I guess now some will be saying, ‘What a hypocrite. He’s always going on about how good these new bars are!’
My retort to this would be that I’m still a big fan of traditional, well kept boozers. There’s a place for many different styles and although the pub/bar environment is changing, I don’t think that the two mix. Yeah, transform some redundant loft style space into a bar, put some decent products on and it works. I’m a bit sceptical about trying to jump on the band wagon and create something new out of an existing traditional architectural and cultural gem.
I wonder what Sir John Betjeman would have thought? The 1968 documentary A poet goes North showcases the pub (about 12 minutes in) and although it has had it’s ups and downs, and is no longer the traditional ‘dining rooms’ that it was, it still retains much of the charm that Betjeman hits on. I was last in a couple of weeks before Christmas and they had a good range of real ales on, something to suit the traditional bitter drinker, as well as several more hop forward styles. Probably something to do with the current owner being Ed Mason of Five Points brewing.

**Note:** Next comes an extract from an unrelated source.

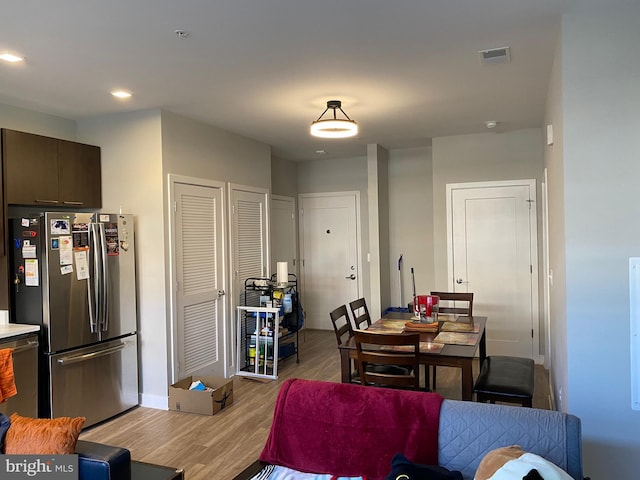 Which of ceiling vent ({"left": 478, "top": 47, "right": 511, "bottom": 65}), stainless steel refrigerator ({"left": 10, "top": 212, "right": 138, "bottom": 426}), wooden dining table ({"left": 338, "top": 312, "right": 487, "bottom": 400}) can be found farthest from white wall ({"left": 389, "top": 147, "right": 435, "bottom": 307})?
stainless steel refrigerator ({"left": 10, "top": 212, "right": 138, "bottom": 426})

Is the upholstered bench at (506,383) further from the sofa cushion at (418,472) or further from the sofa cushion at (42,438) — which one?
the sofa cushion at (42,438)

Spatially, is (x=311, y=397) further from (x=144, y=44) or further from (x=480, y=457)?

I guess that time will tell, but I’m seriously worried that Mr Mason is going a little too far and that the old and modern won’t gel? There’s no doubt they are trying hard as Lord Whitney ‘Connoisseurs of Make Believe’ are the designers of the new bar. Their tag line and web site says it all for me; trendy, quirky and cool. All really good, but not what Whitelock’s needs.
Gut feeling? I’m up for a Five Points brewing flag ship in Leeds and looking at the current city centre scene it will succeed as licensed premises, but for me it sounds like the beginning of the end for what Betjeman, and many others prized.